So then the 3D vectorbobs should have:
(128 rows*2 scanlines/row)+05 scanlines adjustment=261 scanlines. Your code says 262 scanlines? Didn't the docs say this is simply added?

Edit: Just looked at the manual again. It says it's a fraction of the character clock. Also looking at the vertical timings shows the following:
Nvsp = 16 x Tsi
Tadj = Nadj x Tsi

Seeing as reenigne multiplied the character clock by 2 to get 16(8 is used in my emulation, although halved when setting it's position), I assume Nadj is the amount of scanlines after VTotal+1 vertical character clocks before starting a new frame(Going back to Scanline #0)?

I don't see anything in the documentation of the chip about 1 being added to the value of the register, as it's programmed. It's used directly once the final clock has ended according to it's timings graph.

Your code loads the value 05h into the register. The commentary says it's 6 scanlines. But the documentation says 5 lines, as you're programming it. If it's set to 0, nothing is added, thus the vertical total(register 04h) times character height is your vertical timing.

So in fact, the timing used doesn't match the timing as documented, as the vertical total adjust is one scanline too small. Thus you end up with modes with strange framerates, which the camera has trouble with.

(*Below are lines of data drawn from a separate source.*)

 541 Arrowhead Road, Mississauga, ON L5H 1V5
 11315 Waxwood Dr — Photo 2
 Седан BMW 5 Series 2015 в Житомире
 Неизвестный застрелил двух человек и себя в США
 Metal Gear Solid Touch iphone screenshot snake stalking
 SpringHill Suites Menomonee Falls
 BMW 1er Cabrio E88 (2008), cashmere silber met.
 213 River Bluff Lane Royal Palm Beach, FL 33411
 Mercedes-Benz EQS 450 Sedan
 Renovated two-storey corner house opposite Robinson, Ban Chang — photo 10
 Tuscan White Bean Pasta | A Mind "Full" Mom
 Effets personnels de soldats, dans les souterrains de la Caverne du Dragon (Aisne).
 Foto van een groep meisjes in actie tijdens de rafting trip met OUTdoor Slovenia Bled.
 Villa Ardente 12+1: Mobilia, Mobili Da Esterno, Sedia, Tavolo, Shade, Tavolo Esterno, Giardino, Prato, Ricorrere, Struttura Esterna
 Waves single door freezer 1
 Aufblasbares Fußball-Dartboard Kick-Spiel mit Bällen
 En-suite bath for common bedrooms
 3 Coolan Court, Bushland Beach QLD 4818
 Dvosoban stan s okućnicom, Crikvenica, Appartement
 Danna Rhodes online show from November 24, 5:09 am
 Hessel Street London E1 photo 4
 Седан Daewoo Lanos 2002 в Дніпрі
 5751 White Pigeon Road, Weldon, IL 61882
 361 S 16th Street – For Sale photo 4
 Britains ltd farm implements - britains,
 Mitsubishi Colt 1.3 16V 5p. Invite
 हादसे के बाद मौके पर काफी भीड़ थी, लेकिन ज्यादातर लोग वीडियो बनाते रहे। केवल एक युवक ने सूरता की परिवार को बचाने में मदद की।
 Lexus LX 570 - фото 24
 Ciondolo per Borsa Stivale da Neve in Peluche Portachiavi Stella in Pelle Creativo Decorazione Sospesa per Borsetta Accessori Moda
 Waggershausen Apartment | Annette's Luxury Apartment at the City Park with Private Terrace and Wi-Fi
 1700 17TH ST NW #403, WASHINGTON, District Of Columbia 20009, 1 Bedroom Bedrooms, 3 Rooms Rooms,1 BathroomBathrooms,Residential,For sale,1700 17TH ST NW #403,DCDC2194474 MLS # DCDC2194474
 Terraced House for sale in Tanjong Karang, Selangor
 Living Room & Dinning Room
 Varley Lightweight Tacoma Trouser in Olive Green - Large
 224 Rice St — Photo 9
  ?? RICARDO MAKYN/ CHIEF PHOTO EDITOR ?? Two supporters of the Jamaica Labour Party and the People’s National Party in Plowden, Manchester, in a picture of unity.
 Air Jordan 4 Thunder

Anyone can verify this? I just looked at the chip documentation and timing and saw this strange timing issue. Although it might be something's misread here?

Edit: Double checked to make sure:
http://www.oldskool.org/guides/oldonnew/resou … ces/cgatech.txt

3D4h index 04h (W): Vertical Total Register Bit 0-6 Number of character rows in a frame. This is adjusted by the number […]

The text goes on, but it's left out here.